The original music score for the PlayStation 3 and Xbox 360 versions of the game was composed by Jeff Broadbent. The game soundtrack released on iTunes and Amazon in November 8, 2011.

==Reception==

Aggregate score
| Aggregator | Score |
|---|---|
| Metacritic | (X360) 59/100 (PS3) 57/100 (Wii) 34/100 (3DS) 30/100 |

Review scores
| Publication | Score |
|---|---|
| Destructoid | 5.5/10 |
| Eurogamer | 5/10 |
| Game Informer | 7.5/10 |
| GamePro | 3.5/5 |
| GameSpot | 5/10 |
| GameTrailers | 7/10 |
| GameZone | 7/10 |
| IGN | 6/10 |
| Joystiq | 2/5 |
| Official Xbox Magazine (US) | 6.5/10 |

===Xbox 360 and PlayStation 3 versions===
The title has received mixed reviews, with a score of 59 and 57 for the Xbox 360 and PlayStation 3 versions on Metacritic. GameZone gave the 360 and PS3 version a 7, stating "Transformers: Dark of the Moon is a perfectly fine, if short, adaptation of the Transformers film. The characters are likable, and the different vehicle types work beautifully." IGN gave the Xbox 360 and PS3 version a 6.0 of 10. Praising the ideas but criticizing the game as a whole. GameSpot gave 5.5 of 10. They praised the transformation abilities but criticized the bad graphics, strange vehicle physics and brief campaign.

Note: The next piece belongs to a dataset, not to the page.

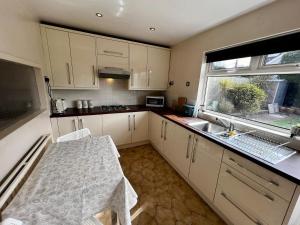a kitchen with a table and a sink and a window at Spacious Family home in great location in Cardiff in Cardiff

Joystiq gave the title a bad rating of 2 out of 5 stars, criticizing the game because it feels half-finished. Destructoid gave the title a 5.5 out of 10 rating, stating that the title is better than most movie video games, but feels like a rushed movie tie-in. The Official Xbox Magazine awarded the title a 6.5 out of 10 rating, praising the controls, stealth force mode but criticized the last levels of the game and the multiplayer component. GamePro gave the title a 3.5 out of 5 star rating. They praised the good graphics, voice acting and variety of transformers for each mission but criticized the story, vehicle physics, multiplayer mode and the repetitive melee combat. GameTrailers gave the title a 7 out of 10 rating, stating that "Dark of the Moon provides plenty of popcorn thrills that you'll likely forget as soon as the credits begin rolling. Judged against other movie games, it's actually pretty good; next to last year's superior entry, however, it looks a bit like a tin can." Game Informer gave the title a 7.5 out of 10 rating, Stating that anybody who played Transformers: War for Cybertron should enjoy this title. Eurogamer gave the title a low rating of 5 out of 10, stating that the title doesn't have enough polish as War for Cybertron had received and High Moon Studios should've been given more time.

===Wii and Nintendo 3DS versions===
Wii and Nintendo 3DS versions of the game received negative reviews, scoring 34 and 30 on Metacritic.